Si l’aéroport de Singapour n’a pas été fermé jusqu’à présent, les écoles l’ont été à plusieurs reprises, « tout le monde porte des masques, raconte Marion Zipfel et on scrute en permanence les sites Internet qui annoncent les niveaux de pollution, très toxique, mais aucune étude n’a jamais été faite sur l’impact de ces fumées sur la santé ».
La culture sur brûlis, une technique agricole primitive utilisée comme moyen de défrichement et de fertilisation dans les zones tropicales, et les incendies volontaires destinés à étendre les surfaces de culture, notamment des palmiers à huile, ont détruit en quelques mois 1,7 million d’hectares sur les îles indonésiennes de Sumatra, et de Bornéo dans la province de Kalimantan.
Ces incendies de forêts et terres agricoles qui se produisent tous les ans ont dégagé des fumées qui ont touché des milliers de personnes victimes d’infections respiratoires dans toute la région (Malaisie, Singapour, Thaïlande et Philippines) et auraient provoqué la mort de dix personnes en Indonésie, soit dans la lutte contre les incendies, soit en raison de la pollution, selon Djakarta.
MANQUE D’ÉQUIPEMENTS ET D’EAU
À Palangkaria, ville de 240 000 habitants dans la partie indonésienne de l’île de Bornéo, les populations souffrent de cette « fumée jaune » et se précipitent dans la clinique la plus proche afin de pouvoir utiliser l’un des dix réservoirs à oxygène installés afin de respirer de l’air frais, sans aucune autre issue de secours.
Trois bateaux de guerre avec à leur bord des équipes médicales, des tentes, des cuisinières et des masques sont en route pour les régions de Sumatra et Kalimantan, les plus affectées.
Mais les bénévoles sur place qui se démènent se plaignent du manque de réactivité de la part des autorités indonésiennes alors qu’ils manquent d’équipements et d’eau. « Singapour a envoyé plusieurs avions spéciaux pour les feux, précise encore Marion Zipfel, mais ils sont rentrés », comme si l’ampleur de la catastrophe nécessitait une mobilisation de tous les pays limitrophes.

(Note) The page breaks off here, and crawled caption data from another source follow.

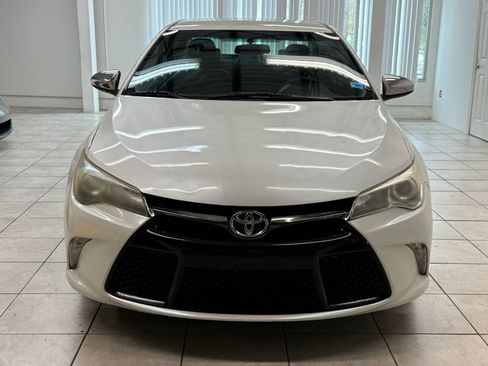 Used 2017 Toyota Camry SE FWD image 2
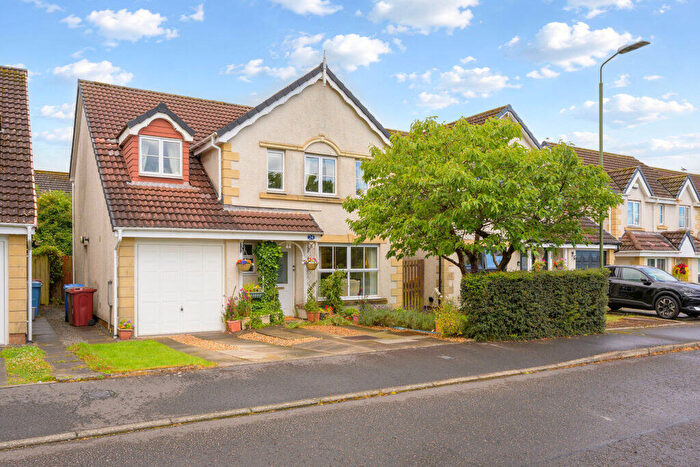 5 Bedroom Detached House For Sale In Foxdale Court, Bonnybridge, FK4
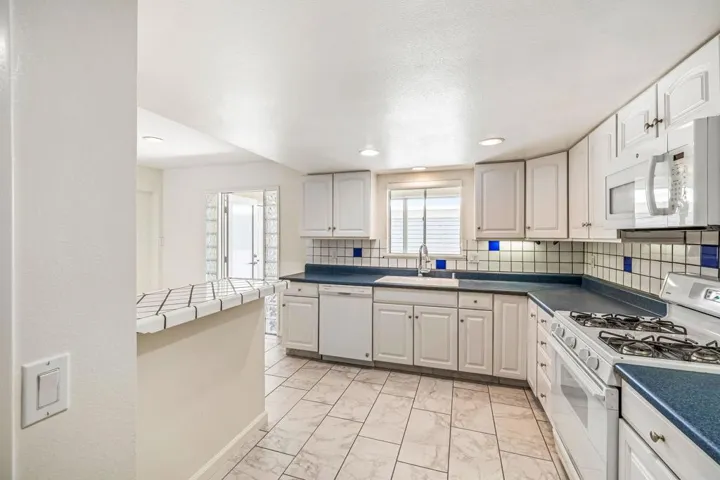 22-web-or-mls-415-AvenidaGranada_022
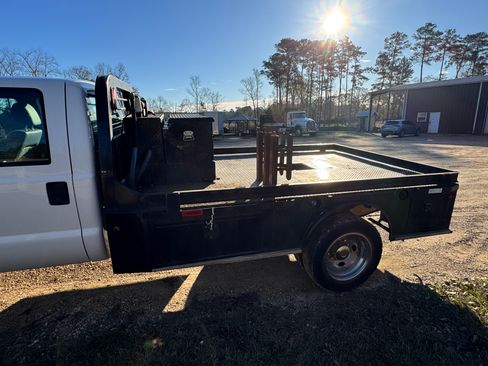Used 2015 Ford F550 4x4 Crew Cab Super Duty image 13
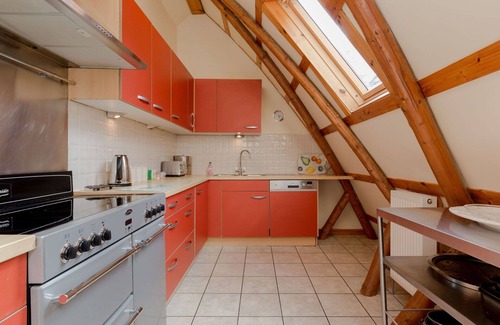 Maybole Villa | Stunning private villa for 16 people with WIFI, TV, patio, pets allowed and panoramic view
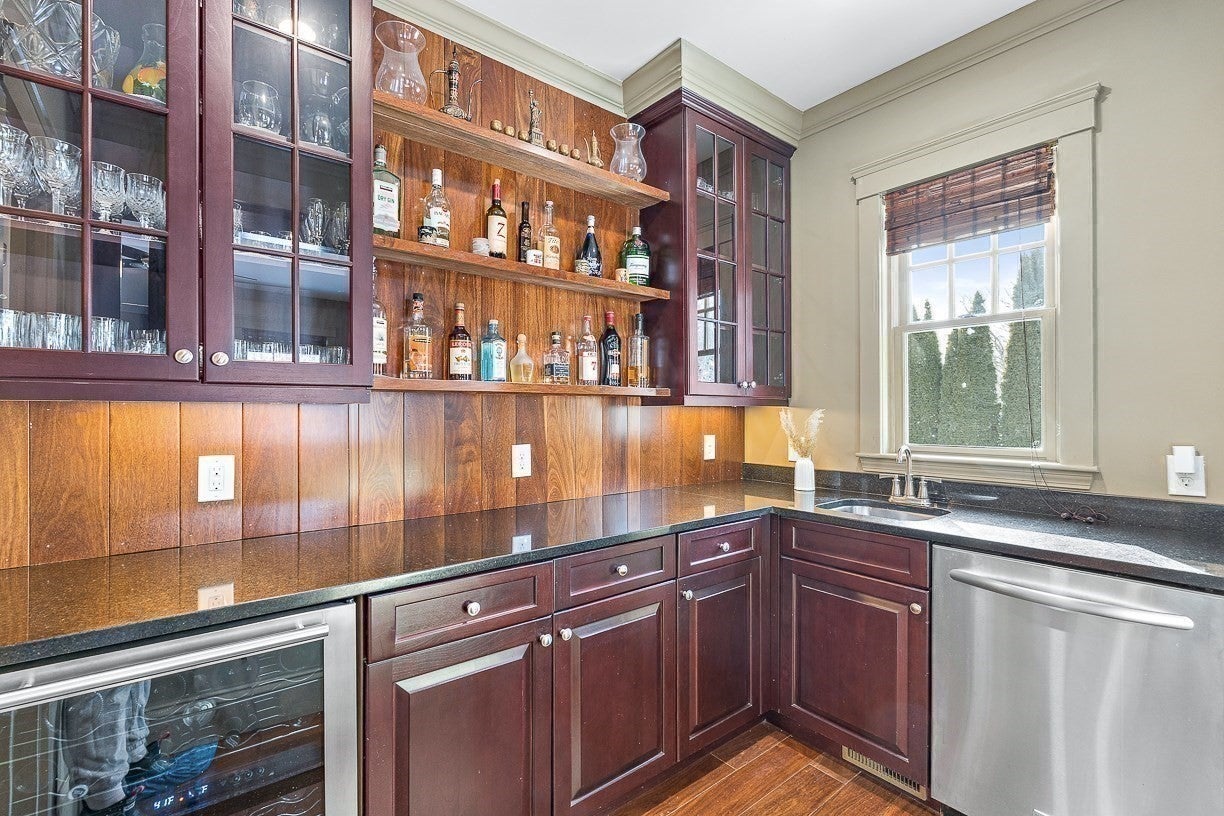 37 Mayflower Road, Winchester, MA, 37 Mayflower Road, Winchester, MA Photo #18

MANQUE DE RÉACTIVITÉ DES AUTORITÉS INDONÉSIENNES
L’agence indonésienne de la gestion des catastrophes a reconnu que la situation était loin d’être sous contrôle. Les données satellites montrent qu’il reste plus de 1 500 « points chauds » mais en réalité beaucoup plus, car les satellites ne peuvent pas percer l’épaisseur du brouillard.
Le président indonésien Joko Widodo a écourté hier son voyage officiel aux États-Unis pour revenir au pays et s’occuper de la crise des incendies. L’opinion publique juge d’ores et déjà qu’il aurait dû agir beaucoup plus tôt.
L’INDUSTRIE DE L’HUILE DE PALME ET SES INTÉRÊTS EN CAUSE
Un Français vivant depuis 17 ans en Indonésie a exprimé hier sa « colère » dans une vidéo contre l’industrie de l’huile de palme qui encourage les feux de forêts. Chanee (de son vrai nom Aurélien Brulé) déplore que « la corruption, le népotisme, les intimidations sont fréquents pour soutenir l’expansion des plantations de palmiers » à huile, dont l’Indonésie est le premier producteur mondial. « L’industrie de l’huile de palme pousse à la déforestation massive », déplore-t-il.
Les efforts régionaux pour éteindre les incendies ne suffiront pas et le Sud-Est asiatique pourrait encore subir pendant des jours ces fumées étouffantes et toxiques en attendant la saison des pluies, qui tarde cette année.
En Malaisie, où de nombreuses écoles ont dû fermer en raison de la mauvaise qualité de l’air, le ministre de l’environnement a estimé que « sans pluie l’intervention humaine ne pourra en aucun cas permettre d’éteindre ces feux qui s’étendent sur des zones énormes ». À Kuala Lumpur, Bangkok, Manille, Djakarta comme à Singapour, on attend la pluie.
Les orangs-outans menacés
Des orangs-outans victimes des incendies de forêts tombent malades, affamés et traumatisés par la destruction d’une grande partie de leur habitat et les fumées toxiques polluant l’Asie du Sud-Est.
Au centre de réhabilitation de Nyaru Menteng dans la province de Kalimantan, sur la partie indonésienne de l’île de Bornéo, 16 bébés orangs-outans souffrant d’infections respiratoires provoquées par l’épaisse fumée âcre ont été mis en quarantaine.
Situé dans un espace de 62,5 hectares entouré de forêt, le centre maintient le niveau de menace actuel à « code jaune », mais l’ampleur des incendies pourrait le faire passer à « code rouge », synonyme d’évacuation sans précédent des 470 orangs-outans du centre.